Observationally constrained global NOx and CO emissions variability reveals sources which contribute significantly to CO2 emissions
Shuo Wang, Jason Blake Cohen, Luoyao Guan, Lingxiao Lu, Pravash Tiwari, Kai Qin
Abstract
Global high-resolution emission inventories of trace gases require refinement to align with ground-based observations, especially for extreme events and changing sources.
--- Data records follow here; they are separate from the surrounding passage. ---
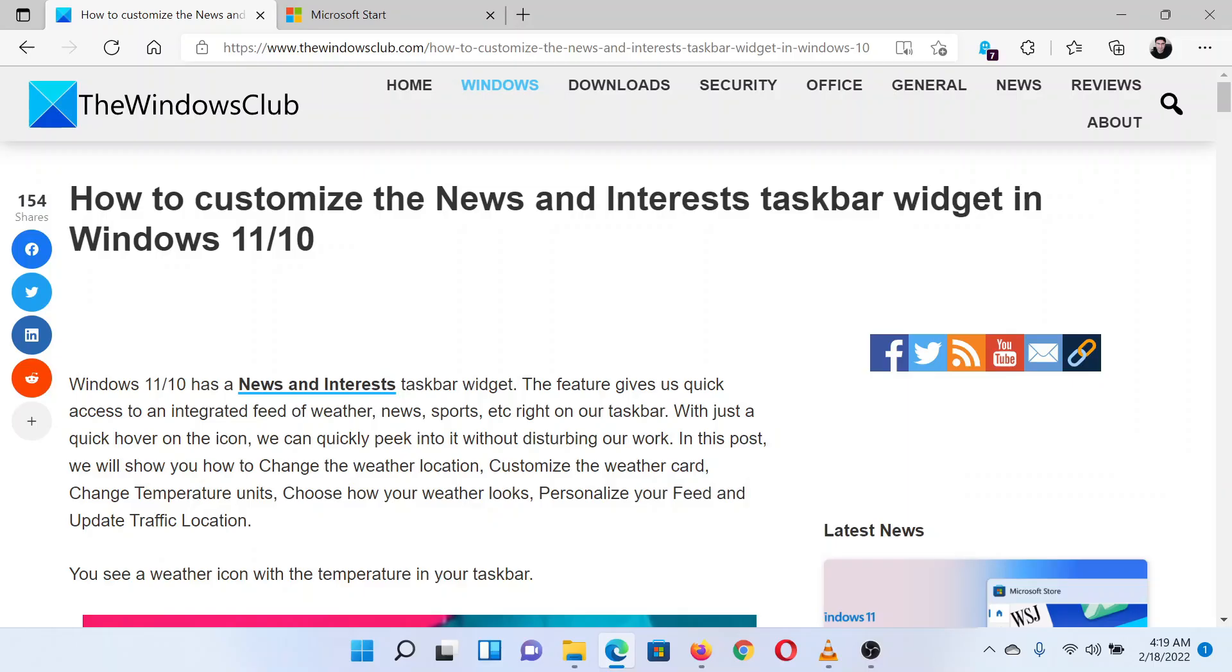This is Matthew from The Windows Club. If you wish to customize the News and Interests taskbar widget in your Windows computer, then please read through the article on the website or simply watch this video. I will guide you through the procedure.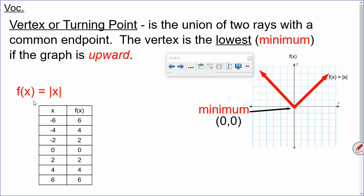Looking at our chart here for f of x equals the absolute value of x: if x equals negative 6, the absolute value is positive 6. Negative 4 gives positive 4, negative 2 gives positive 2, 0 gives 0, and 2, 4, 6 give 2, 4, 6 respectively. Notice the y-coordinates count down by 2's to 0, then count back up by 2's — that's the turning point. The bottom point of the graph, (0, 0), is our minimum.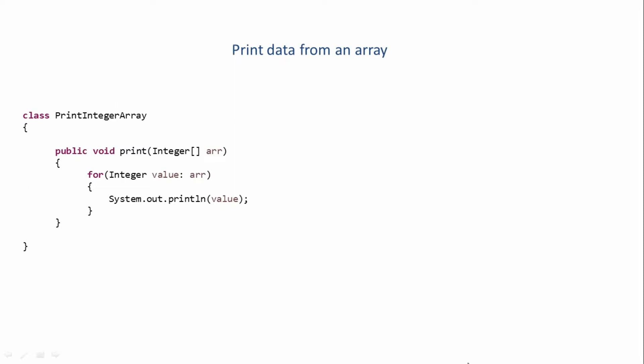Now let's say the requirement changes, and you want to print data from a string array. In this case, you can't reuse this same class because the print method is designed to handle only integer type of data. It will not accept a string array or any other type of array.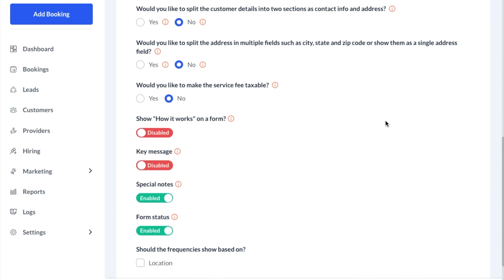Scroll all the way down until you see the form status toggle button and switch it to disabled. Once the form has been switched to disabled, that means that only the admin will be able to see this form on the back end of the website.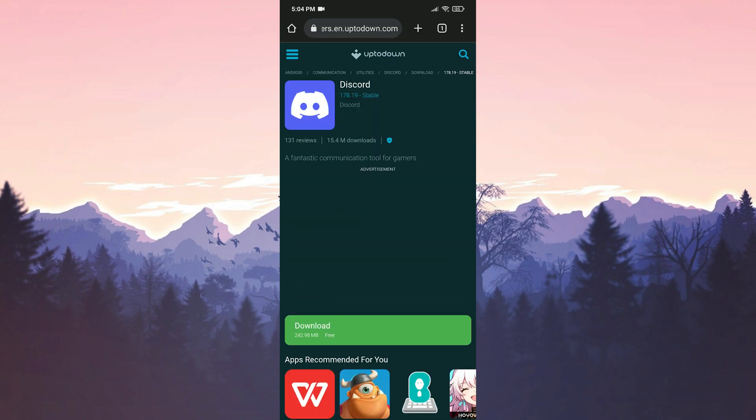In the description section, there will be a download link that you can use to directly access the download page. We click on download and proceed to download Discord.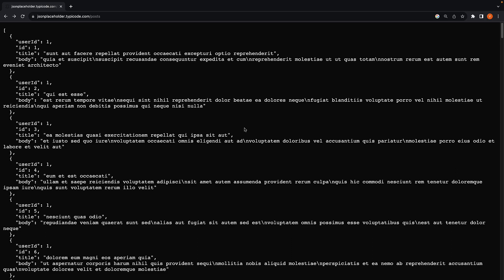In our last video, we learned about the JSON placeholder API. In this video, we will fetch data from this API within a React Native component and display it in our UI.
This study utilizes two satellites to globally quantify NO 2 and CO concentrations on daily to weekly scales and estimate emissions with uncertainty bounds, grid-by-grid, for regions with significant variability in 2010. These emissions demonstrate overall increased emissions and identify missing sources compared with various inventories. The NO x and CO emissions are 5.76 × 10 5 –6.25 × 10 6 Mt/yr and 1.06 × 10 7 –2.78 × 10 7 Mt/yr, representing a mean 200% and 130% increase. Significant emissions originate from typical and atypical sources, exhibiting short-to-medium-term variability, primarily driven by biomass burning and anthropogenic activities, with substantial redistribution and compression due to long-range transport. The extra CO emissions chemically decay into CO 2 , resulting in an increase in CO 2 mass equivalent to 3.5% of CO 2 emissions from Central Africa and 6.1% from Amazon, reflecting the importance of addressing CO from biomass burning.